Research paper by Zahid Z Hussain, Hyeon-Sik HS Jung, Dong-Kyun DK Ryu, Wang-Shick WS Ryu

Indexed on: 15 May '09Published on: 15 May '09Published in: The Journal of general virology



Abstract

During chronic hepatitis B virus (HBV) infection, double substitution mutations in the basal core promoter (BCP) region frequently emerge that include A1762T/G1764A and the neighbouring C1766T/T1768A mutations, here termed BCP1 and BCP2, respectively.

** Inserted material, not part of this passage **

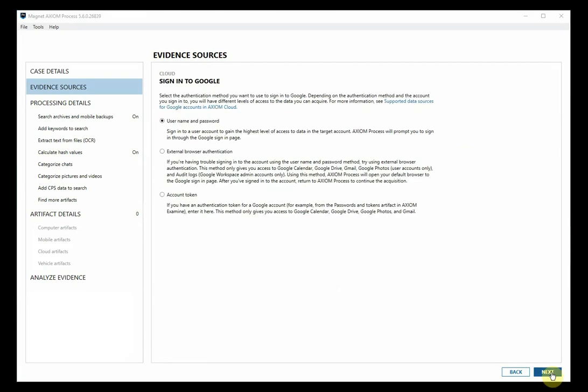Then you are presented with three options for authentication. The fine print will tell you what data can be obtained with each method. The first is username and password and that will get you the highest level of access to this account's data. When you click next you'll be prompted to enter the username and password for the account.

Due to a compact viral genome organization, BCP1 and BCP2 mutations result in amino acids changes in the overlapping X gene: K130M/V131I and F132Y, respectively. It has been shown that both BCP mutations lead to a modest increase in viral genome replication. However, the question of whether the alteration that occurs in the overlapping X gene might contribute to the increased viral genome replication has not been properly addressed. This study genetically separated the core promoter from the overlapping X gene using 1.3mer overlength HBV constructs and examined the impact of the X gene mutations on viral genome replication in HepG2 cells. Each BCP mutation resulted in modestly enhanced viral genome replication that occurred via augmented viral transcription. Therefore, it was concluded that these BCP mutations do not affect expression of the overlapping X gene or impair its stimulatory effect on viral genome replication.